-
Notifications
You must be signed in to change notification settings - Fork 17
Quickstart Guide
This guide will show how to setup a single-node combined Splunk Hadoop instance using Shuttl. You should be up and running in less than 15 minutes.
This works for Linux. For other platforms, you are on your own.
For full system requirements see: https://github.com/splunk/splunk-shuttl/wiki/System-Requirements
Be sure that JAVA_HOME and SPLUNK_HOME are set appropriately before starting up Splunk.
You can run against an existing instance, as long as it is wire-level compatible with Apache 1.1.1. HDP1 will work. (CDH3 will not work without additional steps. https://github.com/splunk/splunk-shuttl/wiki/System-Requirements) Anything Hadoop 0.23 or 2.0 based has not been tested.
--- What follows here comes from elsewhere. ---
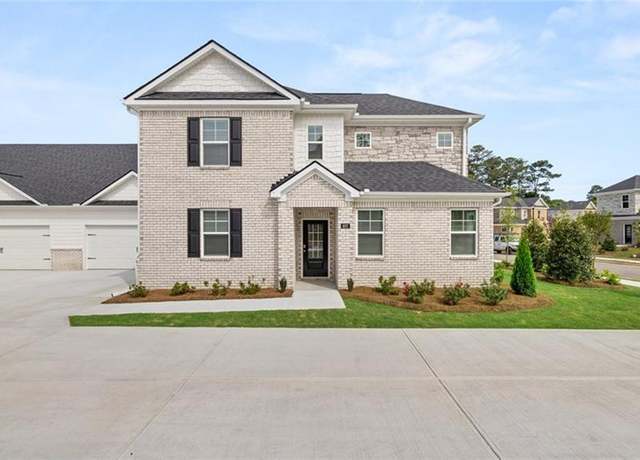 Property at 570 Silver Moon Dr, Loganville, GA 30052, 3 beds, 3 baths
Splunk 5.0.x: http://www.splunk.com/download
Hadoop 1.1.1: https://www.apache.org/dyn/closer.cgi/hadoop/common/
Shuttl:
- VIA SPLUNKBASE: http://splunk-base.splunk.com/apps/58003/shuttl
- VIA BUILD: see the directory build after building Shuttl, you should see shuttl.tgz (https://github.com/splunk/splunk-shuttl)
To install Hadoop: http://hadoop.apache.org/common/docs/r1.0.4/single_node_setup.html (run in Pseudo-Distributed mode)
To install Splunk: http://docs.splunk.com/Documentation/Splunk/latest/Installation/InstallonLinux (easiest path is untar, and do "./splunk start")
- untar shuttl.tgz in $SPLUNK_HOME/etc/apps
- SPLUNK: go to Manager » System settings » General settings
- Note your servername
- cd $SPLUNK_HOME/etc/apps/shuttl/conf
- Edit archiver.xml to have your Splunk servername (replace the string myserver in the serverName block)
- Notice the path for localArchiverDir in archiver.xml and ensure you have enough space at that location to handle the Splunk buckets that will be transferred
- Edit splunk.xml with the correct admin credentials, and make sure you have the right admin port (usually 8089 by default)
For a full description of configuration values, see the README.md file
httpHost: The host name of the machine. (usually localhost)
httpPort: The port for the shuttl server. (usually 9090)
We'll configure an index mytestdb to be managed by Shuttl.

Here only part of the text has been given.